Après 6 ans chez nos voisins du Sud, l’appel du retour au nord de la frontière se fait sentir. Sa destination de prédilection: Montréal.

« J’ai toujours rêvé d’habiter Montréal! Le français et la musique sont mes deux passions. Si je n’avais pas été chanteur lyrique, j’aurais fait mon baccalauréat en français. J’ai suivi un cours de conversation française pendant mes études aux États-Unis et j’ai aussi engagé un tuteur privé. C’est une langue et une grammaire que je trouve très riche. » En témoignent le niveau de langage, la richesse des expressions et la précision du vocabulaire du jeune francophile qui s’exprime avec une aisance surprenante.

Le jeune chanteur auditionne donc pour l’Atelier lyrique de l’Opéra de Montréal, attiré par la ville mais également par l’importance accordée aux nouvelles œuvres au sein de la compagnie. « C’est ce que j’aime ici: malgré que ce soit une compagnie établie, ils essaient toujours de trouver des façons de rester à l’avant-garde et de demeurer actuels. Ça me rejoint beaucoup. J’aimerais bien me spécialiser en opéra contemporain éventuellement! »

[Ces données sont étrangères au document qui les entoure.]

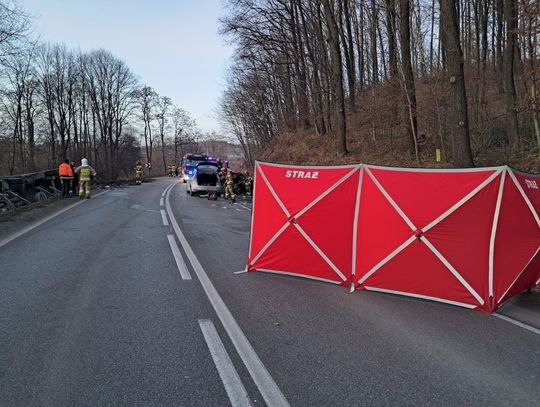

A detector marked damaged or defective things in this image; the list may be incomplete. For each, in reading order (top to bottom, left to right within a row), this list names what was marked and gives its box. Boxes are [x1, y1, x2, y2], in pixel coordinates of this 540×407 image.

crashed vehicle [187, 161, 223, 199]
overturned vehicle [187, 161, 223, 199]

Grandir en tant qu’artiste

Que retient-il de ses deux années au sein du programme de l’Atelier lyrique de l’Opéra de Montréal? « Mon passage ici a fait mûrir mon amour pour l’opéra. L’opéra n’est pas toujours synonyme de papillons, d’arcs-en-ciel et de crème glacée à volonté. C’est difficile, ça demande de la précision musicale et ça exige de donner beaucoup de soi-même. Mon approche de la musique a changé et j’ai solidifié mon processus d’apprentissage. L’Atelier lyrique est un milieu idéal pour travailler, tout le monde nous traite avec dignité et respect tout en étant exigeant quand il s’agit de notre art. C’est le genre d’environnement dans lequel je veux évoluer, où je me sens soutenu et où je sais que j’ai droit à l’erreur. C’est une vraie bénédiction d’être ici! »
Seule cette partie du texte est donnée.